Kyle Wiens (pictured) is a businessman who knows grammar is important. He’s the CEO of iFixit, an online repair community, and founder of Dozuki, a software documentation company. He has made good grammar a policy at both companies.
Everyone who applies for a job at either company must take a grammar test, and those who flunk the grammar test do not get hired. Mr. Wiens wrote an article about this policy; the article was published by Harvard Business Review. Here’s an excerpt:
Good grammar is credibility, especially on the internet. In blog posts, on Facebook statuses, in e-mails, and on company websites, your words are all you have. They are a projection of you in your physical absence...Elsewhere in the article, Mr. Wiens says “people who make fewer mistakes on a grammar test also make fewer mistakes when they are doing something completely unrelated to writing – like stocking shelves or labeling parts.”
Good grammar makes good business sense – and not just when it comes to hiring writers. Writing isn’t in the official job description of most people in our office. Still, we give our grammar test to everybody, including our salespeople, our operations staff, and our programmers.
He also says “programmers who pay attention to how they construct written language also tend to pay a lot more attention to how they code.”

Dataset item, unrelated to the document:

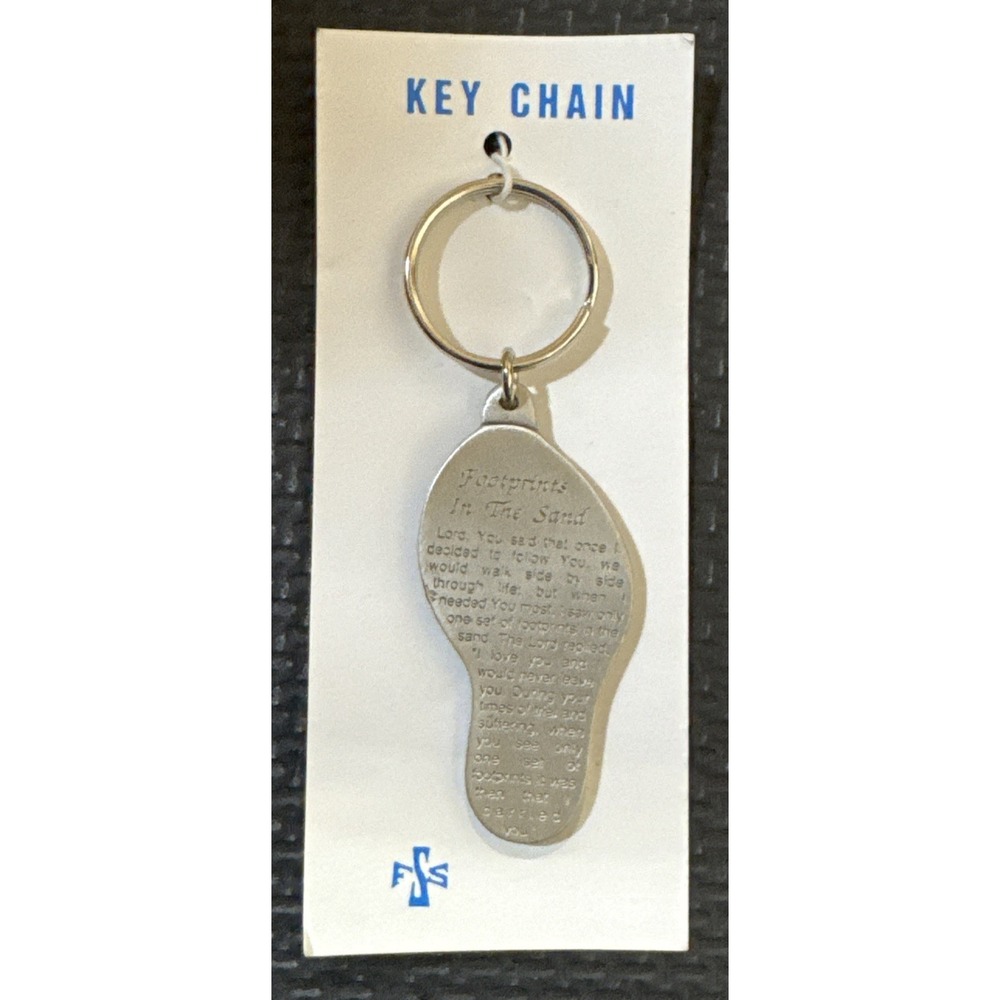 VTG NOS Pewter Religious Christian Keychain Footprints In The Sand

The Takeaway: Grammar is important. Intelligent people judge you by your grammar. They know that if you are careful about grammar, you are probably careful about everything you do. In other words, your grammar reveals your character. But grammar and character have become politicized, and most CEOs are now afraid to talk honestly about them. That’s why I admire the courage of Kyle Wiens and of the Harvard Business Review.